Because of the difference between the ideal signal and the real signal, the transition between a “0” and a “1” (between 0 Volts and 5 Volts) takes a finite amount of time; which is referred to as the “rise time.” The reciprocal change from 1 to 0 is referred to as the “fall time.” Thus a threshold is needed to decide when the signal has changed from a “0” to a “1” (or vice-versa) and this is a voltage threshold which is fixed, by design. If either the amplitude of the signal or the “slope” (rise/fall time) of the signal changes; the signal will cross the threshold at a different time relative to the waveform at the source; thus effectively changing the amplitude variation into a timing variation.
Although the voltage threshold is “fixed,” variations in the voltage of the power supply on which the digital circuitry operates or ground noise can affect the absolute voltage level of the threshold at any instant in time. Whether the variation is in the signal waveform or caused by this type of non-ideal circuit characteristic, the result is still a timing variation of the recovered clock signal.
There are a number of sources of jitter. In signal transmission between equipment the primary cause is “reflections” of the signal caused by an impedance miss-match in the signal path. A miss-match can result from things like the impedance of a connector differing from the impedance of the cable, connector to PC board wiring, or circuit board conductors in series with the connector. The transmitting and receiving IC’s also contribute a finite amount of jitter to the signal.
Much like ripples on the surface of a pond, the “waves” add or subtract from each other in a complex changing pattern that results in changes to the shape of the transmitted waveform.

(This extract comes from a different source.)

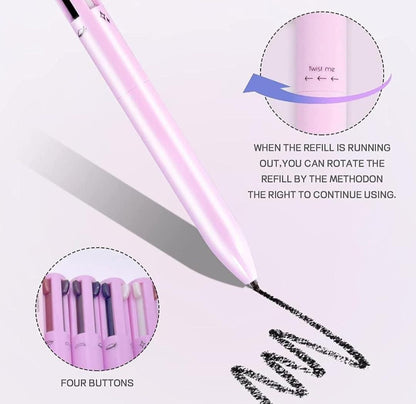 Touch Up 4-in-1 Makeup Pen - Beauty Care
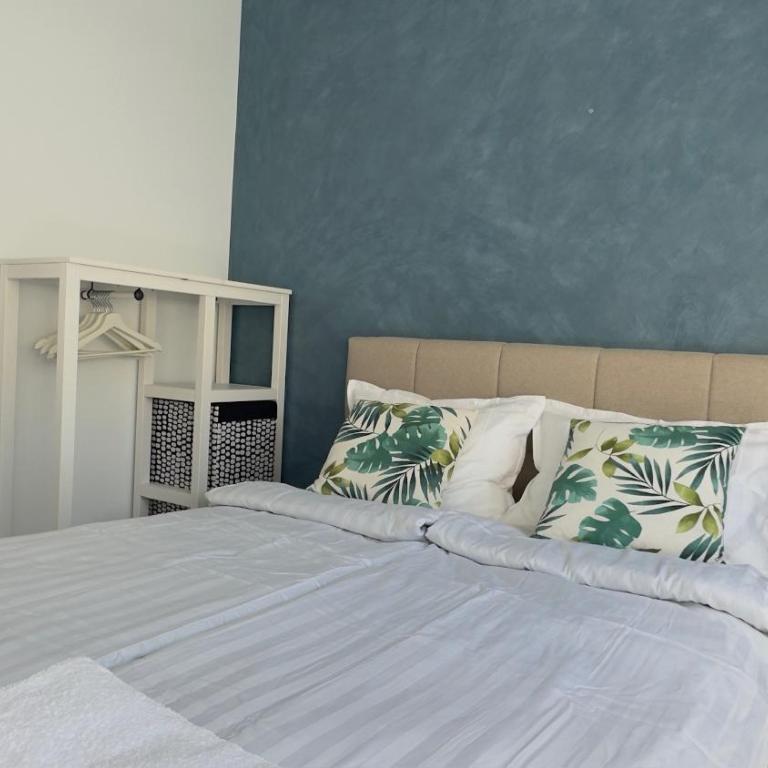 Top Flor Apartment Villa Amalia - Apartamento de 2 dormitorios - 3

These variations cause the waveform to cross the voltage threshold at different (relative) times than the transitions of the original signal; resulting in a time-domain distortion in the “recovered” output signal regardless of whether the distortion of the shape of the waveform was in the time domain or the amplitude domain.
Cables and Connectors
An example of an impedance matched connector is a 75 Ohm BNC connector typically used for Word Clock connections. When installed on cable such as RG-59 with a characteristic impedance of 75 Ohms, the impedance miss-match is minimized.
“Characteristic” impedance is the impedance of the cable at the frequency or range of frequencies typically transmitted through the cable. It is different than the DC resistance of the cable, which is typically in the range of 0.25 to 2 Ohms (depending mostly on cable length).
Proper termination is important to achieving low-jitter transmission. The termination at both the sending end and receiving end must match the characteristic impedance of the cable to minimize reflections. Most Word Clock cables are made with 75 Ohm coaxial cable, so the termination would typically be a form of 75 Ohm resistor. For BNC connections, a BNC Terminator can be used in conjunction with a BNC T to provide termination on inputs with no internal or selectable termination.